- Born: Tan Yueh Ming 30 April 1945 Malang, East Java, Indonesia
- Died: 4 May 2010 (aged 65) Jakarta
- Spouse: Janti Solihin
- Children: Auguste Soesastro

Academic background
- Alma mater: Rheinisch-Westfälische Technische Hochschule Aachen (Ph.D) Frederick S. Pardee RAND Graduate School (Ph.D.)

Academic work
- Notable ideas: Founder of Centre for Strategic and International Studies

= Hadi Soesastro =

Indonesian economist, academic and public intellectual

Hadi Soesastro, born Tan Yueh Ming; 30 April 1945–4 May 2010), colloquially known as Hadi or Mingkie, was an Indonesian economist, academic and public intellectual. Hadi was one of the founders of the Centre for Strategic and International Studies (CSIS), a think tank founded in 1971, where he served as an executive director and economist. The Jakarta Post referred to Soesastro as one of Indonesia’s foremost economists"

Soesastro was born in the city of Malang, East Java, Indonesia.

Soesastro graduated with an aeronautical engineering degree from the Technische Hochschule in Aachen, Germany. Aside from his studies, Hadi was active in the Indonesian students association, becoming chairman of the West German branch.

Soesastro obtained his doctorate from the Frederick S. Pardee RAND Graduate School in Santa Monica, California.

He worked as an economist at the CSIS, which he helped to found. He worked as an advisor to both the World Bank and the Asian Development Bank. From December 1999 until September 2000, Soesastro served as an economic advisor to Indonesian President Abdurrahman Wahid as a member of the president's National Economic Council.

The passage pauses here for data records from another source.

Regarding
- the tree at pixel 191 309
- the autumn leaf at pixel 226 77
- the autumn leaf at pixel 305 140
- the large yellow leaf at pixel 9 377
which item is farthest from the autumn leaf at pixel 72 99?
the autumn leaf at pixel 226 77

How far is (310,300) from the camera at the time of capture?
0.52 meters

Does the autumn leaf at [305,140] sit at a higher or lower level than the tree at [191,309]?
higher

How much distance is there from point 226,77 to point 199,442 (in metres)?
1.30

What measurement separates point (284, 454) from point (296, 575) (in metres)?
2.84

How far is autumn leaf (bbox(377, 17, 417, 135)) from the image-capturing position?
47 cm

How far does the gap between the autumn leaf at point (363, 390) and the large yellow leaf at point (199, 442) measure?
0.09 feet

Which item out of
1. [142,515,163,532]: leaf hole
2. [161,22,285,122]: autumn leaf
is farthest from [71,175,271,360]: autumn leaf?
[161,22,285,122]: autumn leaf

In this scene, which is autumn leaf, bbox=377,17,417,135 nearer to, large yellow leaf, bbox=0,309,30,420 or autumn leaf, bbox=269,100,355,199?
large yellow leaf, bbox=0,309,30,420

Within the academic field, Soesastro was an adjunct professor at Columbia University in New York City. and Australian National University's Research School of Pacific and Asian Studies (RSPAS) and maintained close links with the activities of the Indonesia project in the RSPAS.

In April 2013, the Australian government announced the Hadi Soesastro Prize, awarded annually to two Australia Awards Scholarship recipients from Indonesia undertaking doctorates in Australia. An entitlement of up to $25,000 will be awarded to Australia Awards Hadi Soesastro Prize scholars for further study, field work, conference attendance, and research or community projects.

Soesastro was board member of the Asia Society in New York and founding member of the Pacific Economic Cooperation Council.